Up to the right, the swooping bypass bridge – itself a marvel of modern engineering – soars among the clouds, allowing traffic to flow and not clog up the road atop the Hoover Dam.

The visitor’s center across the road from the parking structure is a good stop and the launching point for the power plant tours that take you deep into the heart of Hoover Dam’s inner workings. It also affords a great view.

But being atop the dam is undoubtedly the most exciting aspect of visiting this National Historic Landmark.

As you stroll out onto the dam, you pass tall statues and a memorial paying homage to those who sacrificed to construct this engineering monster. Also tucked away into the side of the rock face is a small plaque with a dog embossed on it. It marks the grave where the workers’ mascot is buried: a stray puppy who accompanied the workers from the crew campsite to the worksite every day.

The height, the size, the smooth, curving drop all the way down to the river – it is breathtaking from every angle. I started on the left side of the road, looking up the mighty Colorado River at the long arms reaching out into space, ending in the lanky cylindrical turbine towers. There are two sets of two, standing erect like guards outside castle gates.

I kept walking and as I did stepped from Nevada to Arizona. On one set of towers is a clock marking the time in the Pacific Time Zone, while the other has a clock marking the Mountain Time Zone. In the middle, a plaque from 1955 commemorates when the American Society of Civil Engineers named the Hoover Dam one of the seven modern civil engineering wonders in the United States. The plaque also marks the state line between Nevada and Arizona.

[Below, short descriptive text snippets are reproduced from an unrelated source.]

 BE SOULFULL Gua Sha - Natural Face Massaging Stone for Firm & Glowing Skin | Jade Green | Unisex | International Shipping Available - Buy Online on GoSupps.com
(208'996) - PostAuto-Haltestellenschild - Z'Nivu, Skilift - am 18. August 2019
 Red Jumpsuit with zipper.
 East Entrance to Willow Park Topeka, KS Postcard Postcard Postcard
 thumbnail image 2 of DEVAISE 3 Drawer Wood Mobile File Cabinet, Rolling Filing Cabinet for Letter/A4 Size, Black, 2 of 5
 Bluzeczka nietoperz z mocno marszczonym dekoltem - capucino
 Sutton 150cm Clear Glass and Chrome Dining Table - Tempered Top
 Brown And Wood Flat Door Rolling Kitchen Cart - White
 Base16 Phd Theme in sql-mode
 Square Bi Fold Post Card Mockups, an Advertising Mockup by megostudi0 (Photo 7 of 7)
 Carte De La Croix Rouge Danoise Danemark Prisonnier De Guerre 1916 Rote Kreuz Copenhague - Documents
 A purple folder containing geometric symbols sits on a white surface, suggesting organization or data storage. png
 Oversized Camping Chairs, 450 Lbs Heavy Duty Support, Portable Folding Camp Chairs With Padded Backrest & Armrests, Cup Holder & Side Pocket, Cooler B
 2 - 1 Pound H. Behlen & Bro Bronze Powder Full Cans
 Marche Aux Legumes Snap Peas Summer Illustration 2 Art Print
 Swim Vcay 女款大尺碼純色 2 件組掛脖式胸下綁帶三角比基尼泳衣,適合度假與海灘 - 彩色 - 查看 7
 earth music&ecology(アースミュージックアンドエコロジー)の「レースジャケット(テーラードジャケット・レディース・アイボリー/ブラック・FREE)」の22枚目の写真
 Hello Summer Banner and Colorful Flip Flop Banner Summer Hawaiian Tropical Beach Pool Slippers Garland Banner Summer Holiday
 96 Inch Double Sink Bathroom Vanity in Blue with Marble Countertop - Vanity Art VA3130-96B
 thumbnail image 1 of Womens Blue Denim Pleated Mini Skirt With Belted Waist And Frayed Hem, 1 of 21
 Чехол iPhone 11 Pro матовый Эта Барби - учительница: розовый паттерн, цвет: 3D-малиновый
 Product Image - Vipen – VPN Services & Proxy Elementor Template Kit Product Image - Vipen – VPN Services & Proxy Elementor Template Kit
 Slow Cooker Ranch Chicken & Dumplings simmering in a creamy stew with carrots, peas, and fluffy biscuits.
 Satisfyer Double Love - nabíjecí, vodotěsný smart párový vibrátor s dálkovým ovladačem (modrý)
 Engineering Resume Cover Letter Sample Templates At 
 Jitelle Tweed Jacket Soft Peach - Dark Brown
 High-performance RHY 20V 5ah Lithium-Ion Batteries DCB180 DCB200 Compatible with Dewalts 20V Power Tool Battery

I crossed to the other side of the road atop the dam and gazed over the railing from one of the protrusions. The view down was iconic: a pale white, smooth curving slide, plunging to the facility and river far below. It was dizzying, and the stomach lurch came each time I looked over the edge.

The history and factual information woven throughout the dam and the power plant add to the extraordinary sights. The power plant tour provides much of it, putting you face to face with the gargantuan generators at the heart of the Dam. Each year the plant generates enough power to serve 1.3 million people and is still one of the largest hydropower plants in the U.S. 

In the visitors center I learned the history of the dam’s construction, from start to finish.
From 1931 to completion in 1935, the daredevil workers erected the dam, defying death at every turn. The dam was named for 31st President Herbert Hoover. It was completed ahead of schedule and under budget. The Hoover Dam is a steadfast testament to America’s ingenuity and pioneering spirit.

Everything about the Hoover Dam is big: wide views, a vast and fascinating history, and a big rush of excitement every time you peer over the edge. It all adds up to a Dam good time.